*** DATA UNDER STUDY ***
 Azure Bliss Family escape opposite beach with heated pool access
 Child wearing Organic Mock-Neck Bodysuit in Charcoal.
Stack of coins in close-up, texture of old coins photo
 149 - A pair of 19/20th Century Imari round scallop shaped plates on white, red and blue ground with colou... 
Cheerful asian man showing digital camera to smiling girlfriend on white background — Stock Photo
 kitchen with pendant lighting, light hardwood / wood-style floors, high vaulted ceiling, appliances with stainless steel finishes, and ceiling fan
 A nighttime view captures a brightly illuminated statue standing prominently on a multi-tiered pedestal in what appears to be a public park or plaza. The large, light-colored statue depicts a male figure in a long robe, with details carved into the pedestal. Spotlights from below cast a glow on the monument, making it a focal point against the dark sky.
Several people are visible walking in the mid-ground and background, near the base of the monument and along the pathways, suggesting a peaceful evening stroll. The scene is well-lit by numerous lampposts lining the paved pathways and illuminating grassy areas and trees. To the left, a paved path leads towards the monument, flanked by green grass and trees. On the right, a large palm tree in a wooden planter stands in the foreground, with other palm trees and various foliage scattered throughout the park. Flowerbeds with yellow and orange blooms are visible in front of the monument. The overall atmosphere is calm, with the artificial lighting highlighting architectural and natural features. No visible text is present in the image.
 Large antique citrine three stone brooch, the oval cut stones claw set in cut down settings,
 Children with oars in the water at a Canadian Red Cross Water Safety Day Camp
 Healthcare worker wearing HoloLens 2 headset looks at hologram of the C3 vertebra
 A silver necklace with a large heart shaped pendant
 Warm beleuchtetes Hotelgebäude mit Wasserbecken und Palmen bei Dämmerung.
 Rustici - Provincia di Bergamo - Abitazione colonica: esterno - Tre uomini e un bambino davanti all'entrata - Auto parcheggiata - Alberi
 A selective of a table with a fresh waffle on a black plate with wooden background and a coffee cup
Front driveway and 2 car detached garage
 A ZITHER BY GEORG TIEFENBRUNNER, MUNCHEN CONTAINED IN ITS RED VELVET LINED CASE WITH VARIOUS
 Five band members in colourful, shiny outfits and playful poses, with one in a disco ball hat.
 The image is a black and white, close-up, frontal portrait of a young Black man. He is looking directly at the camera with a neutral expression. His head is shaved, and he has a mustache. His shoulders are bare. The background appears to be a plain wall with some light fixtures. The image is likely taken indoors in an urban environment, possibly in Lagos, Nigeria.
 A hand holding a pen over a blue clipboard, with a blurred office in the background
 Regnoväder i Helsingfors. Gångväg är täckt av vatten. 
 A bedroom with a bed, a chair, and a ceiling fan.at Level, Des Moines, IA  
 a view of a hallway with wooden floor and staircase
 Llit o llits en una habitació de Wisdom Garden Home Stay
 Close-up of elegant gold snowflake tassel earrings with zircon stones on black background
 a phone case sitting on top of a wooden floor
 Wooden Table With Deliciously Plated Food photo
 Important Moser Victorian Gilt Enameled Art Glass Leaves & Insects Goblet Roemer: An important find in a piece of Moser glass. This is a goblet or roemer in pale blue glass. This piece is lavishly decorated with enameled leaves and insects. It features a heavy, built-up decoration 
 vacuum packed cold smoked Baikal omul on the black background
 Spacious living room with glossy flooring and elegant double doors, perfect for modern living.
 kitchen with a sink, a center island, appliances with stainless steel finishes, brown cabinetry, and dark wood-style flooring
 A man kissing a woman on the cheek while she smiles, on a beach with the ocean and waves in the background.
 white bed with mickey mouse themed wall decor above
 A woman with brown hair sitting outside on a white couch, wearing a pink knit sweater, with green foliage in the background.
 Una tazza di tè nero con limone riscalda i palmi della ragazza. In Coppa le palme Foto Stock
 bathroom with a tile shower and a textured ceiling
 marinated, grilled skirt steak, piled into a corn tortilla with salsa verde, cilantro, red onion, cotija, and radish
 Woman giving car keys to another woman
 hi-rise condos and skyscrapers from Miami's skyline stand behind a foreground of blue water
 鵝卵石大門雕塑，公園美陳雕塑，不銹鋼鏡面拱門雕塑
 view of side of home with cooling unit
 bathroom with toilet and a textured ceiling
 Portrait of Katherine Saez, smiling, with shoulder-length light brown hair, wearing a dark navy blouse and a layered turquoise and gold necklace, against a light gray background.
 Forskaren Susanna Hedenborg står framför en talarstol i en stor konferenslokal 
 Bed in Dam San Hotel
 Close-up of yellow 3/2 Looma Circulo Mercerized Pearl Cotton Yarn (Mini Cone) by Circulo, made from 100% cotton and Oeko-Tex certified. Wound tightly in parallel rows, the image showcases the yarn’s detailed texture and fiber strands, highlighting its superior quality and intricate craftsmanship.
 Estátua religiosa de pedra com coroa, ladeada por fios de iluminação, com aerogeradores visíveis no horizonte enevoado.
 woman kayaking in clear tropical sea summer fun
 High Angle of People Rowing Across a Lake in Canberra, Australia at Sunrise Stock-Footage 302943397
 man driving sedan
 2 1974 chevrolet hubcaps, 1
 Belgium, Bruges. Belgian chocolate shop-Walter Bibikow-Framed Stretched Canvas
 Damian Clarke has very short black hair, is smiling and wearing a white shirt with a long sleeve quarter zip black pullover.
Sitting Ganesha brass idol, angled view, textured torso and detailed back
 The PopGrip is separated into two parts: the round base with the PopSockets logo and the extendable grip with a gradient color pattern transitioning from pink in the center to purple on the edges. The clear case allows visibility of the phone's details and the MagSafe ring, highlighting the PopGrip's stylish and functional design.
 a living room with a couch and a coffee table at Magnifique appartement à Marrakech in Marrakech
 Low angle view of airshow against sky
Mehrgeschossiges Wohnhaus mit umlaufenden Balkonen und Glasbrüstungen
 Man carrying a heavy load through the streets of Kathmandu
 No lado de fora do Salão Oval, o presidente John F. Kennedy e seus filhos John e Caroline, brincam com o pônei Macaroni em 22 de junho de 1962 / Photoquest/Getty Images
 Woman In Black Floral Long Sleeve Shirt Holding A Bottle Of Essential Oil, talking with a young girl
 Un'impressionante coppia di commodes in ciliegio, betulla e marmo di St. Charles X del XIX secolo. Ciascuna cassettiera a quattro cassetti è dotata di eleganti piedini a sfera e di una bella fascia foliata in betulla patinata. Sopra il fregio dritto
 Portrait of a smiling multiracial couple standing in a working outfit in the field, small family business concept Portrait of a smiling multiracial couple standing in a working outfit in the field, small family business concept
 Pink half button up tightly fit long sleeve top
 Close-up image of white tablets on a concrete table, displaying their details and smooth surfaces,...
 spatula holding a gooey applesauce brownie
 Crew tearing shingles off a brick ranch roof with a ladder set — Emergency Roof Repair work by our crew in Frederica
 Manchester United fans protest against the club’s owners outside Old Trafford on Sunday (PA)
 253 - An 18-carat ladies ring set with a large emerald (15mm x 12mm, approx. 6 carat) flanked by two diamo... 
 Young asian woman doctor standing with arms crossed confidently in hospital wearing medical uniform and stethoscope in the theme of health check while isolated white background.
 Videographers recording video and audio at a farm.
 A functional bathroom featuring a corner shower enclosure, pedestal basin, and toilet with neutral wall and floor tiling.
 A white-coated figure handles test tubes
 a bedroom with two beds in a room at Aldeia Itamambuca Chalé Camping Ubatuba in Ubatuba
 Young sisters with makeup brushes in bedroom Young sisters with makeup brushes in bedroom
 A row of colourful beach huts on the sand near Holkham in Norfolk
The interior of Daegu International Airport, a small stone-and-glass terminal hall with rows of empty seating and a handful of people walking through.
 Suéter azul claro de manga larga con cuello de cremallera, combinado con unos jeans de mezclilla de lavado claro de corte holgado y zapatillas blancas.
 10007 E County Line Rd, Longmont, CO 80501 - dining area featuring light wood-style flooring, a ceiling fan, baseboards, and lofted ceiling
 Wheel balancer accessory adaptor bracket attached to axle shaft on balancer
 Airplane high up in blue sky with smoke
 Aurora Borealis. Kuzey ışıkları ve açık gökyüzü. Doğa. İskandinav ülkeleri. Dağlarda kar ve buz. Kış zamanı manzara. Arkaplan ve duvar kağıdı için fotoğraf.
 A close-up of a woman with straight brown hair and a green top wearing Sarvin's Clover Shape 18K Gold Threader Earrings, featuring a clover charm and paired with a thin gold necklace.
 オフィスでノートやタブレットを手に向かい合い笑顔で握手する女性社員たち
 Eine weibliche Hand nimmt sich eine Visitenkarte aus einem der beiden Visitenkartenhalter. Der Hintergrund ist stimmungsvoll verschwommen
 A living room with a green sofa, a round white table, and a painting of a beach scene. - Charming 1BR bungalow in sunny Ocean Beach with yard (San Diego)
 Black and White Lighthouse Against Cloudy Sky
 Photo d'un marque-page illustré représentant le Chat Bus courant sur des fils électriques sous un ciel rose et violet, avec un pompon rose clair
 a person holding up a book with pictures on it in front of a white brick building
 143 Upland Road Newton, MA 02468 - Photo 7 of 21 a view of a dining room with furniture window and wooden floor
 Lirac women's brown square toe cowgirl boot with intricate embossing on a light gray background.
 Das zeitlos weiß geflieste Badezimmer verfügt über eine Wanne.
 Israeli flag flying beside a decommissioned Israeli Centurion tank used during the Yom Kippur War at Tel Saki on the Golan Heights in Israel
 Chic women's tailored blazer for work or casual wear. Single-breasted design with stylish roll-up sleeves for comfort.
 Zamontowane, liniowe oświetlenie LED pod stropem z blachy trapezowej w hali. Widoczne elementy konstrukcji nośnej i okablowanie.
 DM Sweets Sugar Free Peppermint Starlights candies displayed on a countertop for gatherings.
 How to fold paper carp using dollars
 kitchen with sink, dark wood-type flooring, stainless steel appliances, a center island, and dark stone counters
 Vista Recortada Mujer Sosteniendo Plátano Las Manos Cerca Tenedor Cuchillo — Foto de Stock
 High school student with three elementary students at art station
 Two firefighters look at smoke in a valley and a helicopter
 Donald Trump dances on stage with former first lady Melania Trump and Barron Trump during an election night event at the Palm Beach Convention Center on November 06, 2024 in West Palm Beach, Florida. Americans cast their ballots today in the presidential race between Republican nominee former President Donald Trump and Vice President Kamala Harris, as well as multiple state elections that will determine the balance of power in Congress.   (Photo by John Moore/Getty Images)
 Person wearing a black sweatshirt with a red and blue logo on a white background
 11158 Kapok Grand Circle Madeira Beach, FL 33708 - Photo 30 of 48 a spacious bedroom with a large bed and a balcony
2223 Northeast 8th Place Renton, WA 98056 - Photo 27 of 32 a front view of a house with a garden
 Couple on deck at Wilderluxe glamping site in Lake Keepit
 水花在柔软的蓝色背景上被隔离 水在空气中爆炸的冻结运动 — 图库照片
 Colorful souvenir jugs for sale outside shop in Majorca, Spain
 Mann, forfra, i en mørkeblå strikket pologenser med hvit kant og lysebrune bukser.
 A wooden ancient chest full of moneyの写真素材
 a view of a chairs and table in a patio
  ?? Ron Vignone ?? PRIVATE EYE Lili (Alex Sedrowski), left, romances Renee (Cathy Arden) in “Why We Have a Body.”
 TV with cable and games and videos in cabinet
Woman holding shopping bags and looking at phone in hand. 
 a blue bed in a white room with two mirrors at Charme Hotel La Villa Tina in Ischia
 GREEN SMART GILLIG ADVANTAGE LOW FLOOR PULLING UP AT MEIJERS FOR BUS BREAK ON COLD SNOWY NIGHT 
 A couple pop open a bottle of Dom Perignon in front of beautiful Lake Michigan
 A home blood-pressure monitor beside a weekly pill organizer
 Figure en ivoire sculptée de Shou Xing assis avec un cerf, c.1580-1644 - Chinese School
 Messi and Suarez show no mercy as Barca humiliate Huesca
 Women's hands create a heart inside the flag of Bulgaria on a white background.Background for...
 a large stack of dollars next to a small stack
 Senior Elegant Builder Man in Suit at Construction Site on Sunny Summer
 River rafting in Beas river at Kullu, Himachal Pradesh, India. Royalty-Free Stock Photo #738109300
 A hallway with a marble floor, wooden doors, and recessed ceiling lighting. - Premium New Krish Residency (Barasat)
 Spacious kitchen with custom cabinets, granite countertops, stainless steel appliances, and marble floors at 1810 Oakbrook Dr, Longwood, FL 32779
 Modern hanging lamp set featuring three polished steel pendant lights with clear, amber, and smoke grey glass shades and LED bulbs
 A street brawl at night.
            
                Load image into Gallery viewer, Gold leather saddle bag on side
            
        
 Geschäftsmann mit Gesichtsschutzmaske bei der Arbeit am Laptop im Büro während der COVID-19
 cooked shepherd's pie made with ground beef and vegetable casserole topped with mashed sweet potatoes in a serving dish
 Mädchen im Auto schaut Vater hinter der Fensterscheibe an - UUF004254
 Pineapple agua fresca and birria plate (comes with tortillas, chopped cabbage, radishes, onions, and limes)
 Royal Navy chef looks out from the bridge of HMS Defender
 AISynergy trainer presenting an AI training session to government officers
*** End of DATA UNDER STUDY ***
**WHAT IS EXPECTED:** Across the entries above, how many lines contain the string "clear"? The number alone is the answer.

**RESULT FOR THIS TASK:** 3